- What is being asked: Your copy should match the listing word for word, apart from the pictures, which are left out.

- Dataset extract:
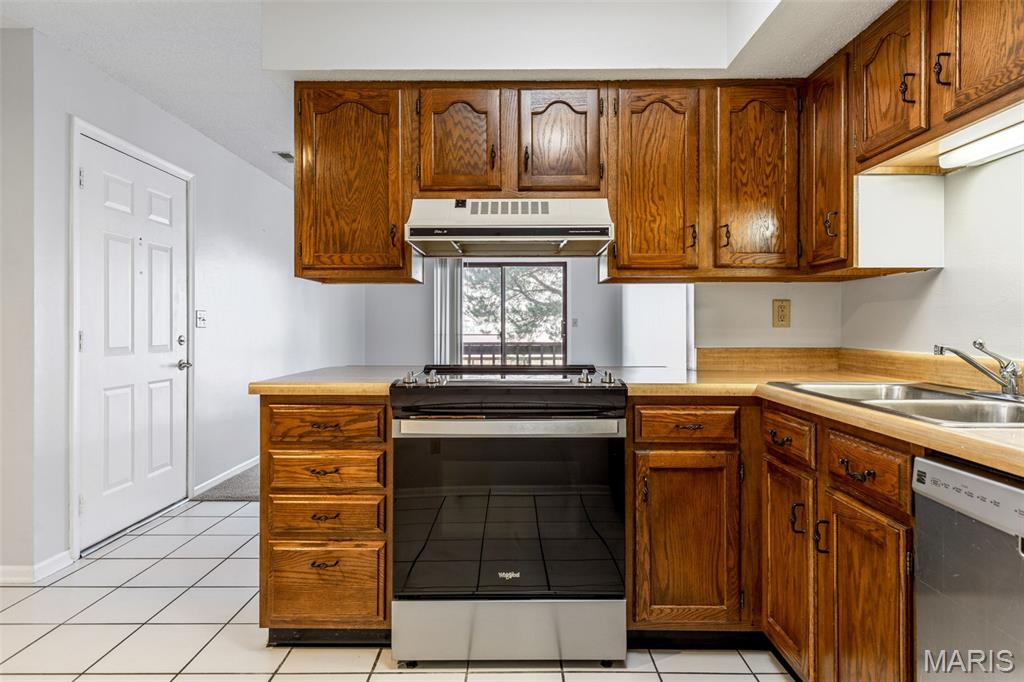 1434 Summergate Parkway Unit: L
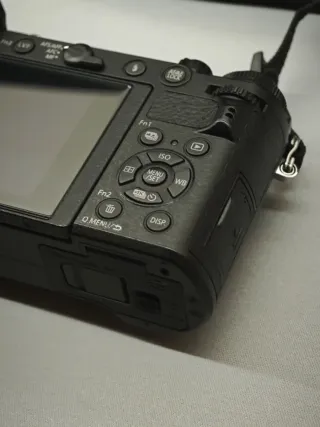 Cámara Panasonic Lumix GX9 + Objetivos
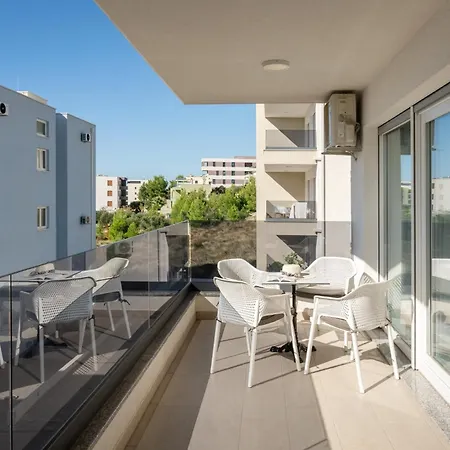 Luxury Adri With 2 Parking Spots Appartamento *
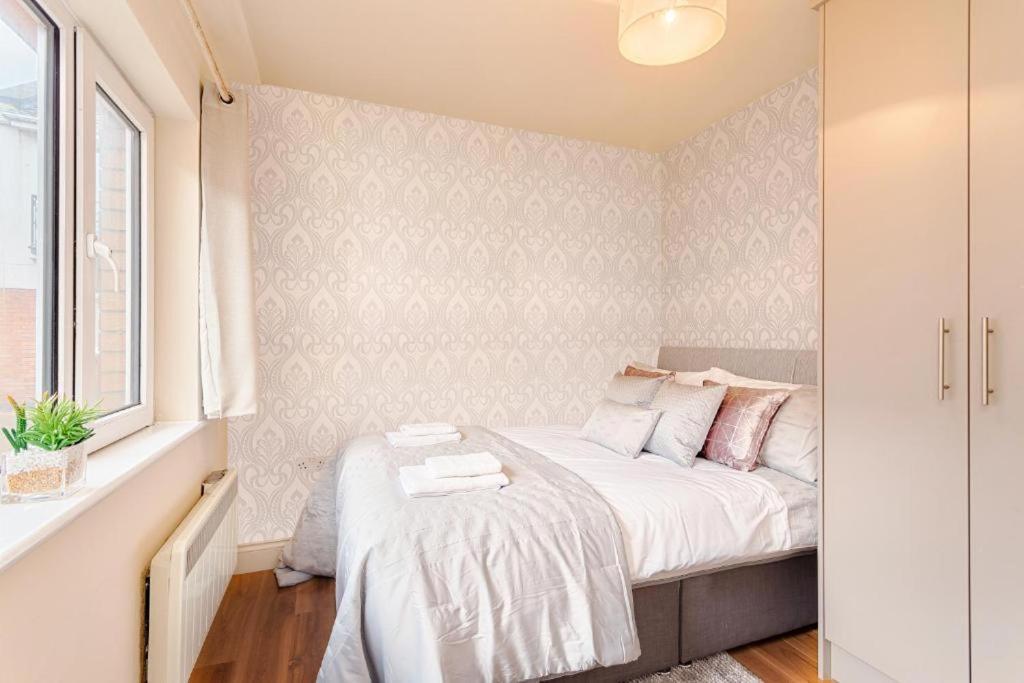 Town Square Townhouse - Best Location In Galway Zewnętrze zdjęcie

- Solution to this problem:
 1434 Summergate Parkway Unit: L
 Cámara Panasonic Lumix GX9 + Objetivos
 Luxury Adri With 2 Parking Spots Appartamento *
 Town Square Townhouse - Best Location In Galway Zewnętrze zdjęcie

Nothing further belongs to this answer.